Mientras nos preparamos para lo que pueda venir, es aconsejable, como siempre, no olvidar a las víctimas. Porque los políticos preferirán siempre endeudarse antes que bajar el gasto público, y los prestamistas estarán dispuestos a correr el riesgo de incumplimientos, pensando que el diferencial de rentabilidad que obtienen compensa dicho riesgo. Pero los que no pueden elegir nada son los ciudadanos, ni elegir ni eludir el castigo que este mecanismo centrifuga hacia sus ingresos, sus ahorros y sus empleos.

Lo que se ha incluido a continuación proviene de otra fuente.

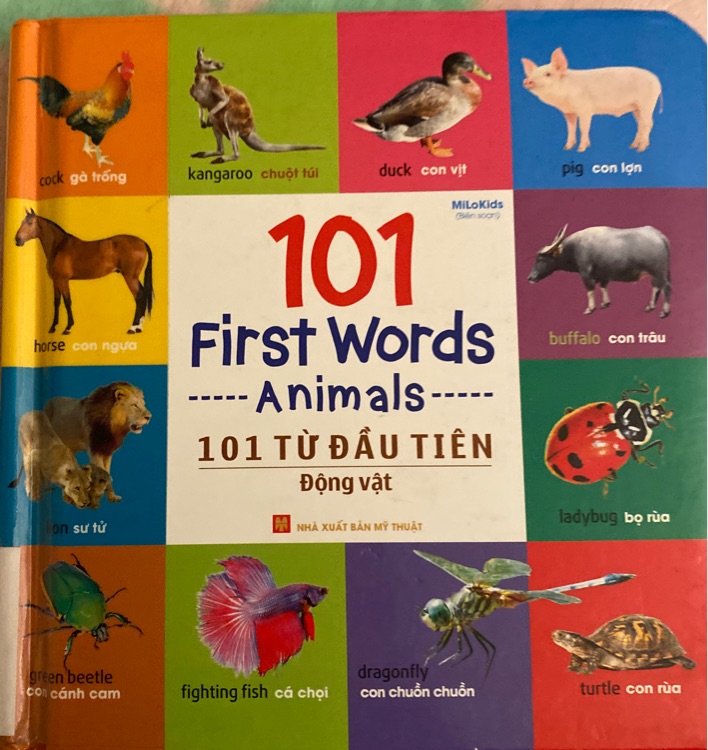 101 first works animals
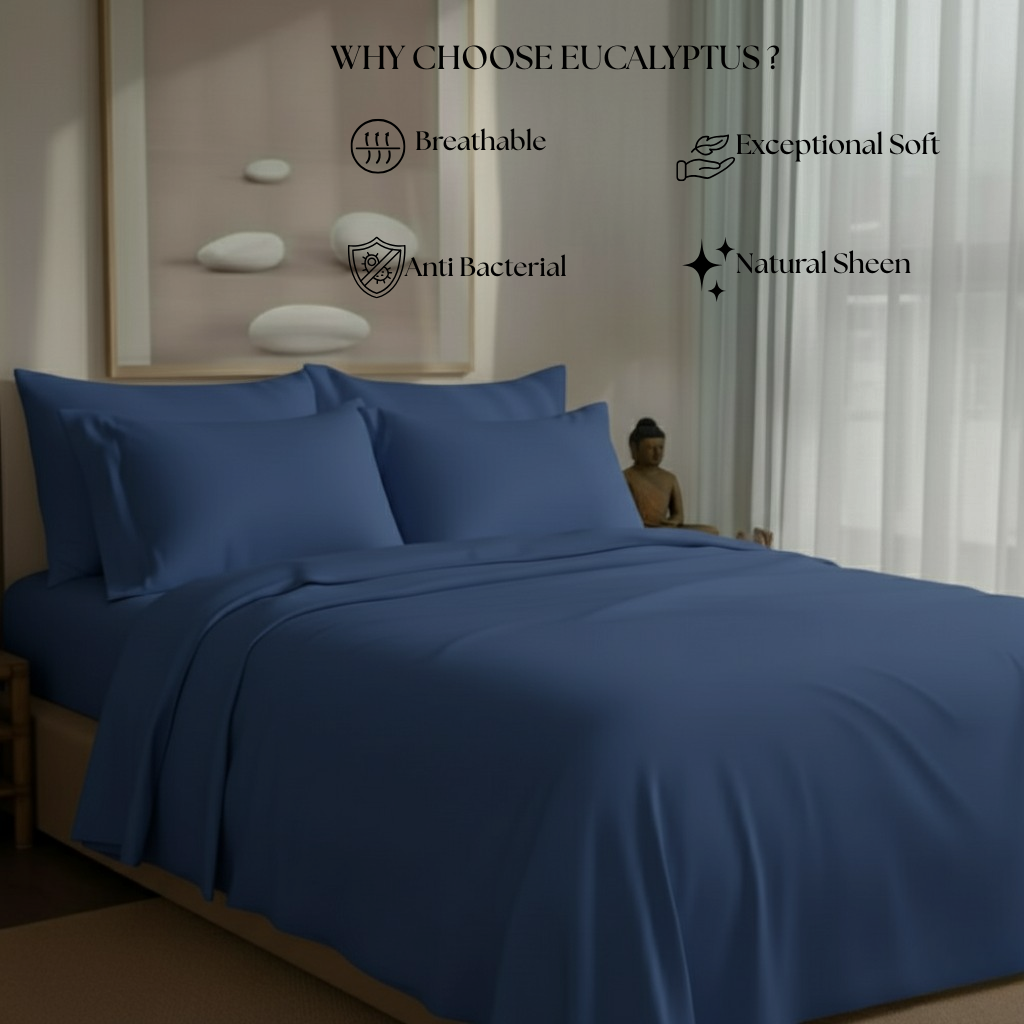 Eucalyptus Collection - Twilight Blue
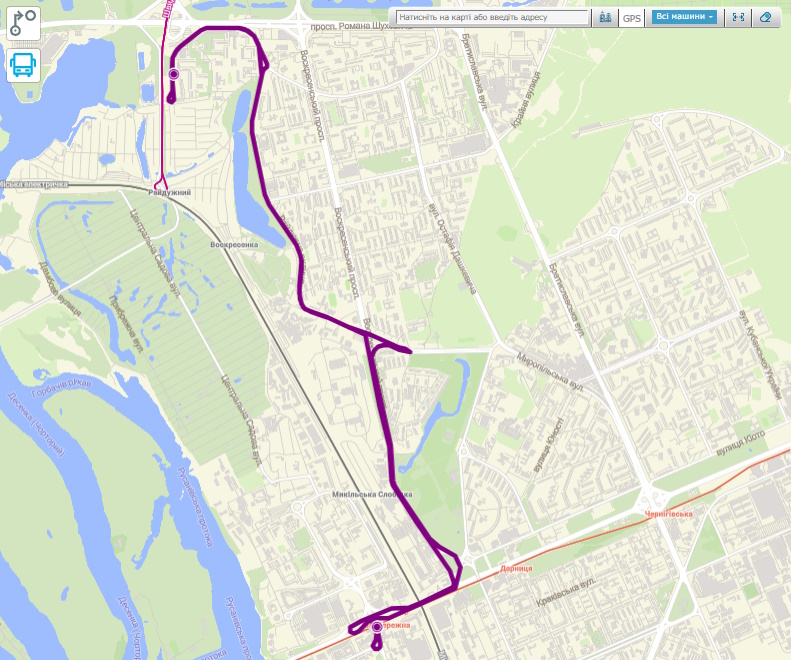 Маршрутка 578 Київ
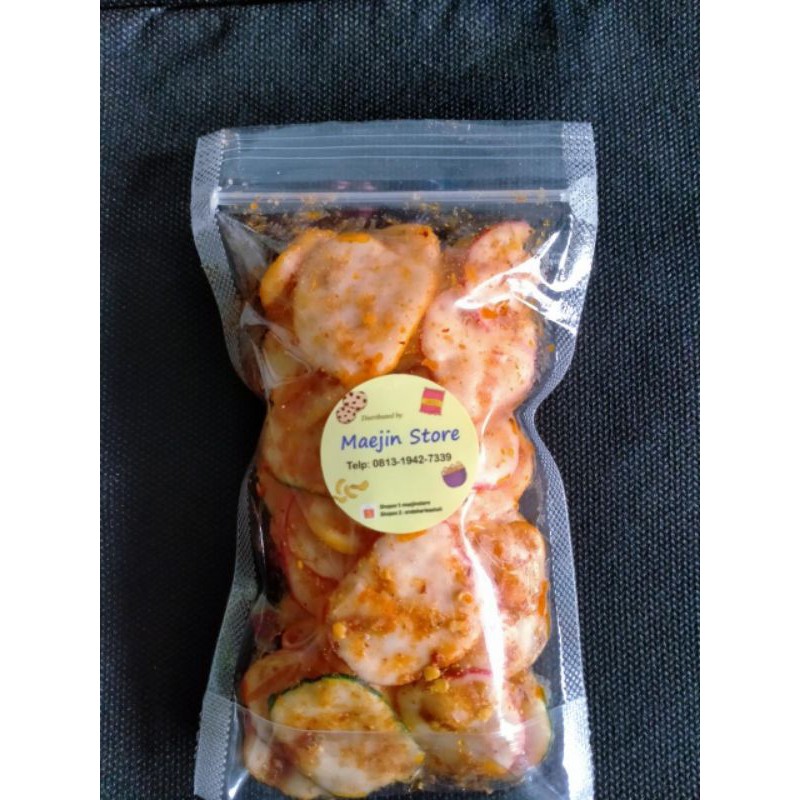

Keripik Seblak Hot Maejin 45-50 gram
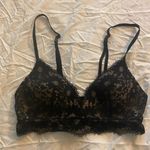 Aerie 34B Black Lace Bralette Photo 0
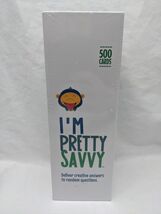 I&#39;m Pretty Savvy Party Card Game Sealed - €10,78 EUR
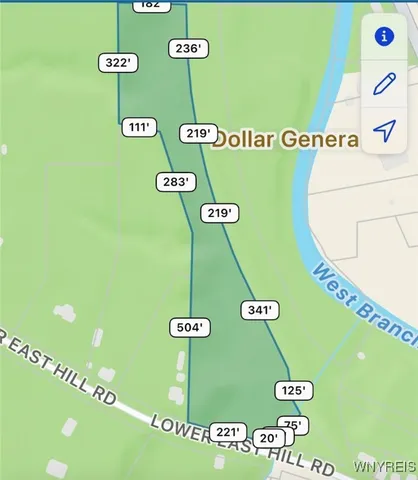 $50,000 | 8762 Lower East Hill Road, Colden, NY 14033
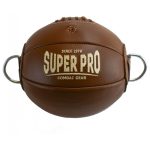 Super Pro Vintage Double End Ball Leder – 1 – jokasport.nl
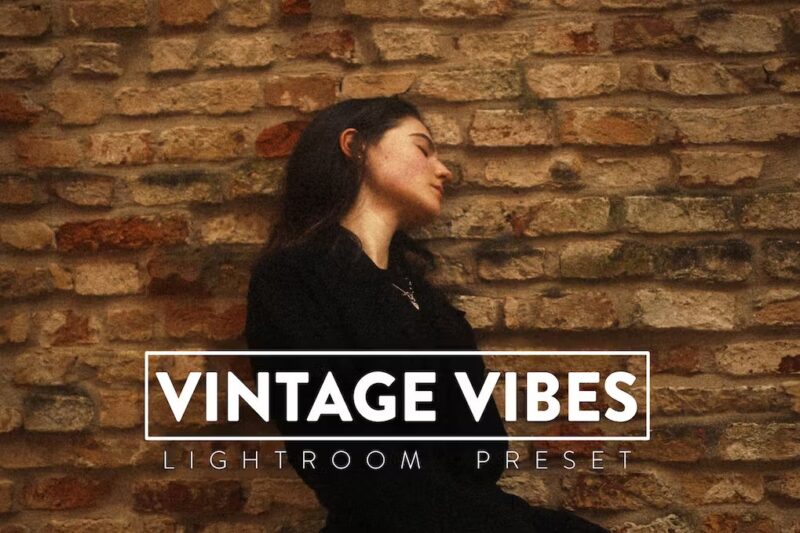 10 Vintage Vibes Lightroom Presets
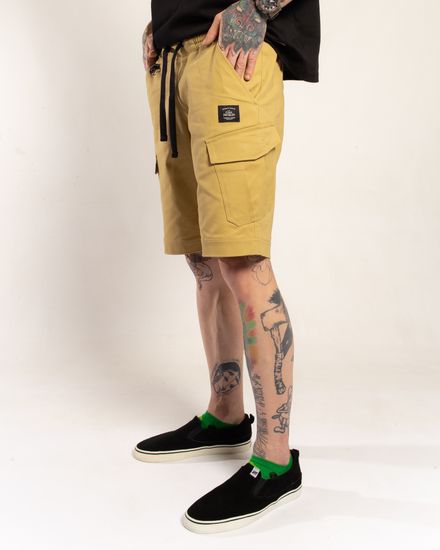 Шорты COOL PENGUIN Twill Lycra (Бежевый)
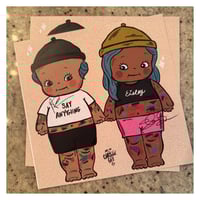 Image 5 of Print signed by Max Bemis & Sherri Dupree Bemis 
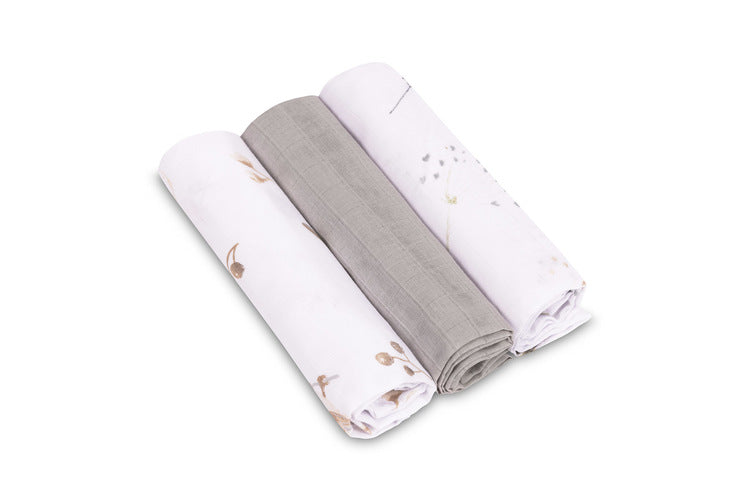 Muslin Diapers 3 Pieces 60X80 Eg-0010 Sensillo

Por fin, la solución que proponen los que no quieren más deuda es análogamente peligrosa. Actualizan viejas fantasías, y aseguran que el problema no son los bancos centrales, nunca lo son, sino la desigualdad, porque los ricos ahorran demasiado, bajan los tipos y aumenta la deuda. Es el estancamiento secular, otra vez. La solución nunca es bajar el gasto público y los impuestos, eso jamás, sino pontificar con que aquí todo se arregla saqueando a los ricos, con más impuestos o directamente repudiando la deuda. Solo sufrirán los ricos, dicen. Por si acaso, señora, cuide su cartera.